Szykujcie się na wielkie żarcie. Wcale nie żartuję. W najnowszej kolekcji mebli z Panfu pojawiła się czekoladowa propozycja dla łasuchów. Przedstawiona jest jak zwykle w niemieckim Dzienniku Maxa i Elli.
Czy czujecie ten zapach i ten smak. Jeśli jeszcze nie to zapraszam do zapoznania się z czeko -meblami.
Mamy tu wielkie łóżko, wygodny fotel, sporawy stolik i wygodny podnóżek.
Ciekawe czemu nie ma podbrzuszka:)
Pewno by się przydała po większym obżarstwie
Jeśli te meble są z prawdziwej czekolady to ...koniec świata :)

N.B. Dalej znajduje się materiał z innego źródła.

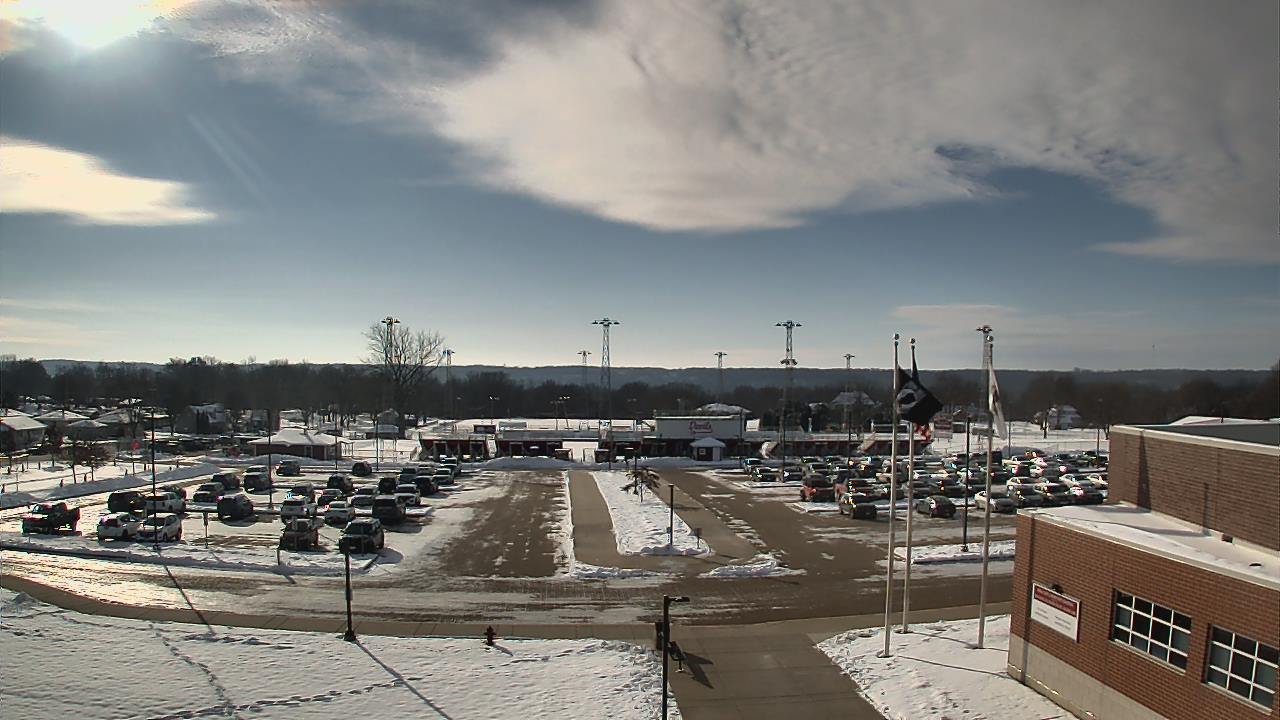 Thumbnail for current weather camera view from Hall High School in Spring Valley, Illinois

Już widzę wzdęte pandy leżące na resztkach obgryzionych mebli i oblizujące czekoladę z palców.
Jeśli to imitacja to świetny pomysł.
Pomysł pochodzi prawdopodobnie od belgijskiego fana Panfu.
Zaprojektował kolekcję ubrań i możliwe, że i te meble również są jego autorstwa.
Takie meble mógł wymyślić tylko Belg. Belgowie słyną z umiłowania wyrobów czekoladowych. Bruksela (stolica Belgii) wcale nie słynie z brukselek, tylko jest zwana Czekoladowym Miastem.
Przeciętny Belg zjada 8 kilogramów czekolady rocznie. Oczywiście dzieciaki podbijają statystyki :)
Tyle na dziś moi drodzy. Chyba szybko sprawdzę czy to prawdziwa czekolada.